Lenders are not very good at disclosing their requirements to lock, and there are no mandatory disclosures. The problem is compounded by an ambiguity in the Good Faith Estimate (GFE), which is a required disclosure of rates, fees, and other loan characteristics that must be provided to the borrower within three business days of the submission of a loan application.
At the time the GFE is issued, the loan may or may not be locked. If it is not locked, the rates and fees shown on the GFE are of value only as a history of what might have been. But not all borrowers understand this because nowhere on the GFE does it say, “The rate on your loan is not locked.”
One such borrower wrote me recently, attaching two GFEs to illustrate how the lender had tried to swindle him. The second revised GFE had a higher rate than the first GFE. The borrower did not understand that the rate on the first GFE was not locked.
Instead of saying that, the GFE states that “the interest rate for this GFE is available through XXX”, where the Xs are a date, and if the loan is not locked, the lender indicates that by entering the date the GFE was prepared rather than some future date. It is understandable why a borrower may not grasp this round-about way of stating that a loan is not locked.
The fact is, it eluded me. When I wrote an article earlier this year praising the new GFE as a marked improvement over the old one, I had not caught on to this problem. That article will be updated. At least one lender I know has its own lock disclosure form that clarifies what the GFE obscures.
What is a borrower to do?
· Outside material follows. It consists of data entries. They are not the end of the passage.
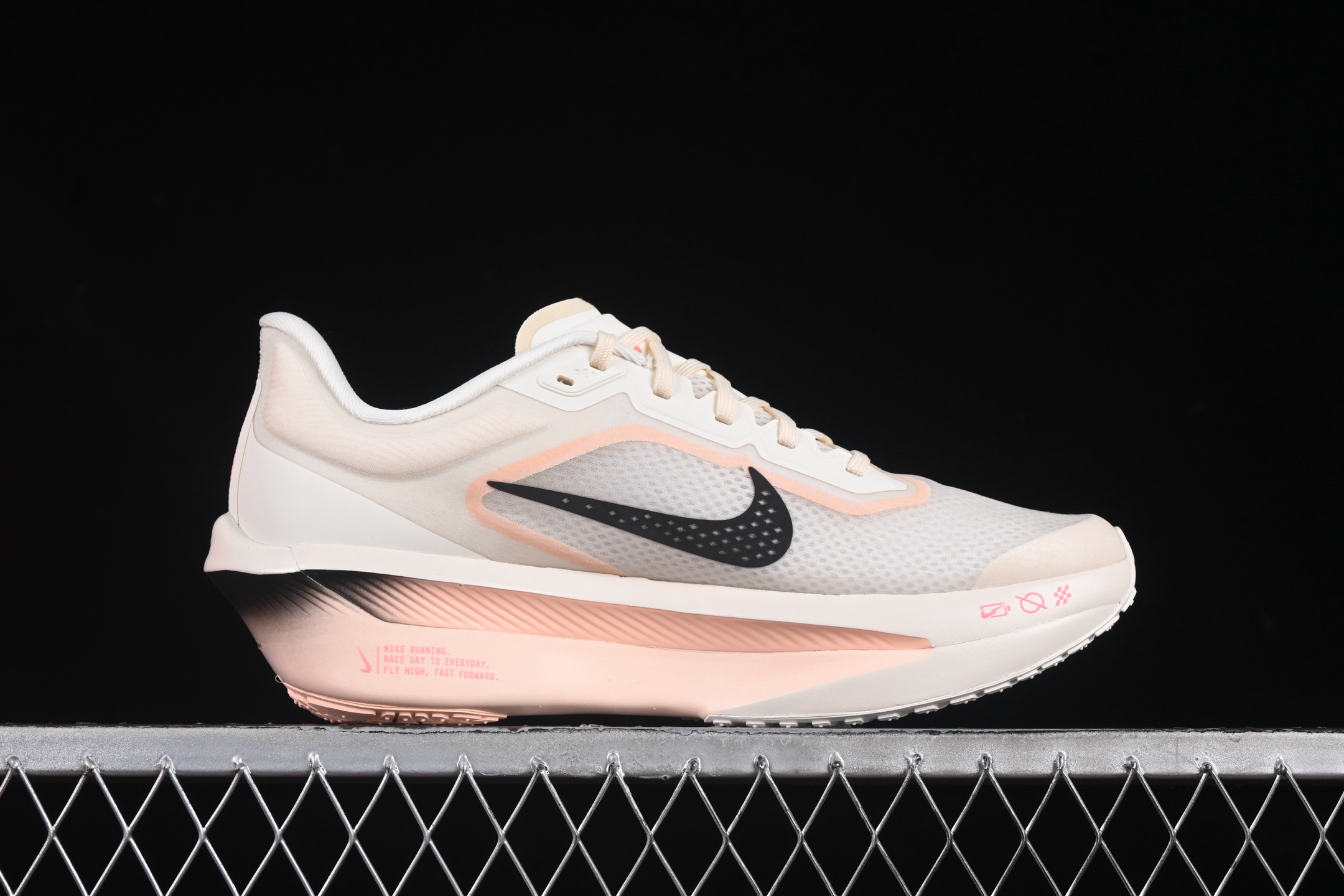 💰260纯原
Nike Zoom Fly 6 耐克超弹轻盈跑步鞋 FN8454-102
#鞋款搭载 Flyknit 材料 打造出众弹性 易于穿脱。采用React技术 轻盈耐穿泡绵打造,铸就出众回弹的顺畅迈步体验。结合内置碳纤维板,塑就柔韧灵活的迈步体验。
尺码:36 36.5 37.5 38 38.5 39 40 40.5 41 42 42.5 43 44 44.5 45 AJD4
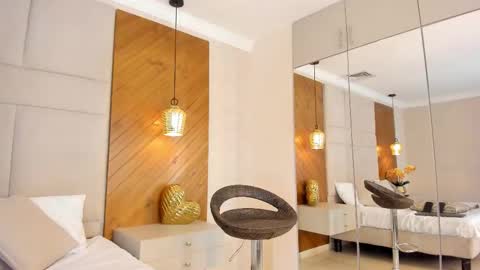 L E W A  online show from December 17, 4:19 am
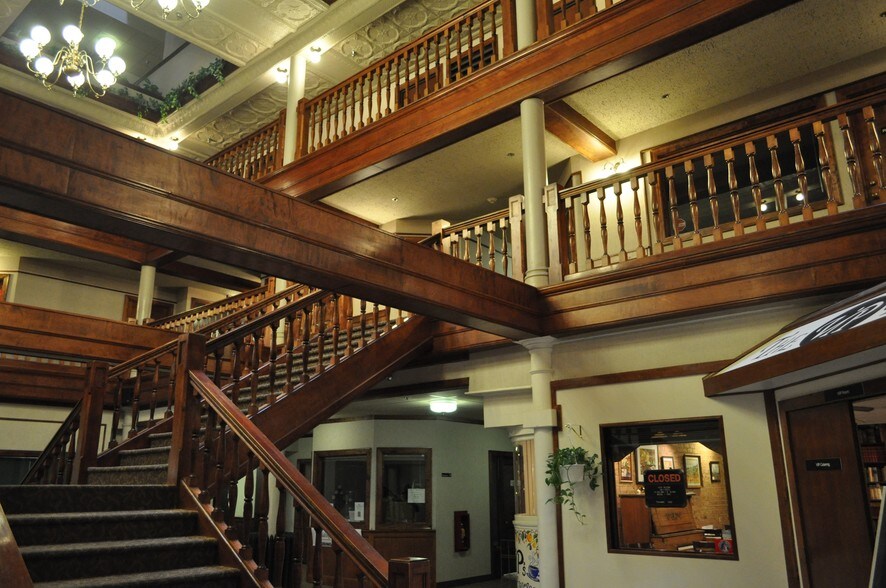 More Photos Of 624 Main Ave, Fargo Apartments For Lease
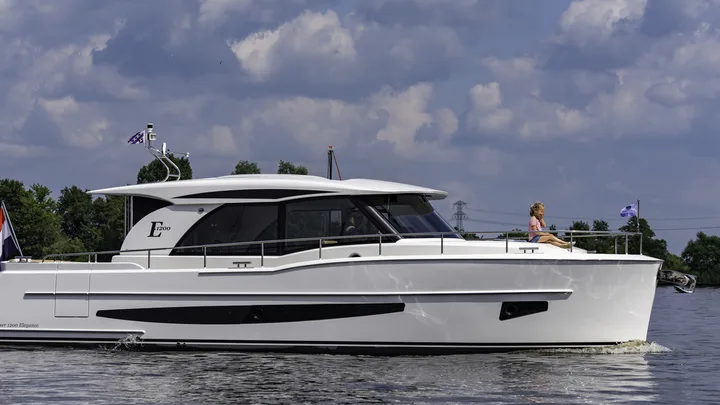 Official Boarncruiser 1200 Elegance image supplied by Boarnstream Yachting.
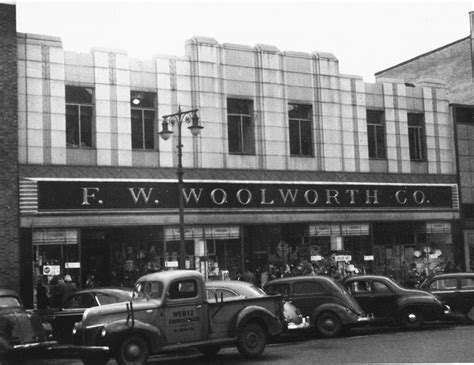 F W Woolworths Logo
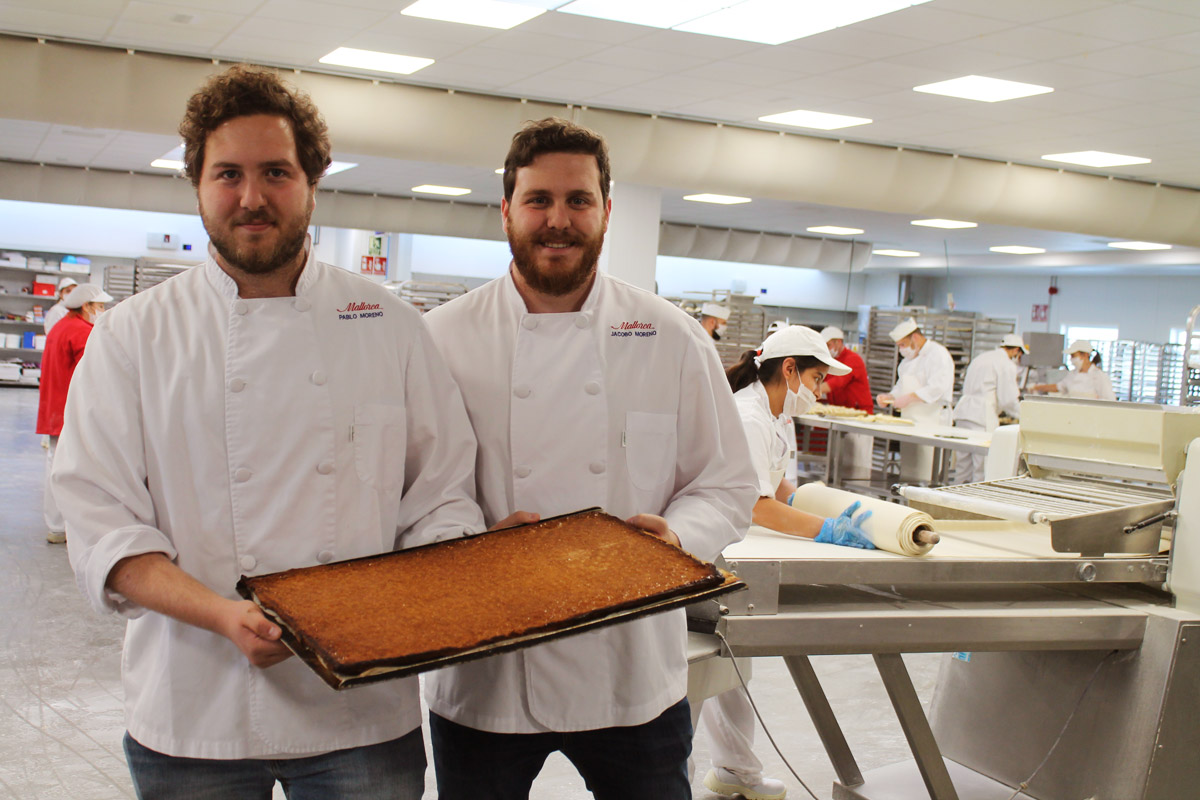 Jacobo y Pablo Moreno, directores de producción de la nueva planta de Pastelería Mallorca. Foto: ©Javier Mesa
Step one is to get the lender to clarify its ground rules for locking, preferably in writing. They should provide a set of general rules upfront, which might become more precise after you have submitted an application.
Step two is to take charge. All of the requirements to lock listed above except the appraisal and title report apply to documents that you provide. If the lender is willing to make the two exceptions conditions for retaining the lock rather than requirements to lock, which most of them will, you have control over when you can lock. Alert borrowers will submit the required documentation with the application.
Step three is to protect yourself. The prices you lock are those quoted by your lender after you have been cleared to lock, not the prices quoted to you when you selected him.
The initial price quotes probably compared favorably to the prices quoted by other lenders, but the lock prices may be a different story. If you have no way to verify that they are competitive, given your investment in the transaction, your lender may be tempted to game you.
The lock price should be the same as the price the lender would quote to your twin brother initiating the exact same deal on the lock day. If you can price your deal on the lender’s Web site, you can’t be gamed.
As a fall-back, you can use my daily series on wholesale rates to measure the change in market rates between the day you received your initial quote and the lock day for the same type of mortgage. It is not exact, so don’t quibble about a small difference, but if the lender says that the rate has gone up by .25% over a period during which the wholesale rate did not change, you know you are being gamed.